[chuck-users] polyphony (what happens after note off)? was: Killing thread from without
signal.automatique at gmail.com
Sun Apr 26 17:47:59 EDT 2009
> If you want to automate that, then the Ugen must be able to generate a
> signal to do the disconnect. The future scheduling is just a workaround in
> the absence of that.
While I can see your perspective I think UGens mainly generate units
and don't do much else and that that's nice because it's clear. I
could imagine optimising the STKInstruments so they act as though they
were set to .op(0) after the .noteOff() decay ran out but that0s a
optimisation issue and not a ChucK syntax issue.
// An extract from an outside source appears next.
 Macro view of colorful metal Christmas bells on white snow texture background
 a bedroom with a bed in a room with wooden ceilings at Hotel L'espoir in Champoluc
> It seems Chuck avoids C++ "automatic elements", in favor of returning
> references. This is what is causing the cleanup problem, because when the
> function has finished, there is no way to tell which references are used and
> which are not. One way to do that is to trace or references from the
> function stack and global objects. This way, the unusued elements can be
Yes, I think we'll get a method based on reference counting.
> The both use the Mach kernel, I think (at least Mac OS X does), which uses
> preemptive multitasking. Mac OS X may still have support for cooperative
> multitasking, where each program must release time to the others - I have a
> vague memory that may be better for time-critical situations, though a chore
> from the programming point of view.
Yes, the concerns are quite different; there are good reasons why
business users aren't very interested in investing in the Linux RT
kernel variants either. (or so I hear, most of those reasons are way
beyond me but that's fine as I don't design OS's)
>> In short that means that ChucK shred timing should be completely
>> deterministic and extremely precise and when it's not that's a bug, it
>> also means that for chucking multi-core cpu's won't do you much good.
> Aha, so you may get a timing problem, there.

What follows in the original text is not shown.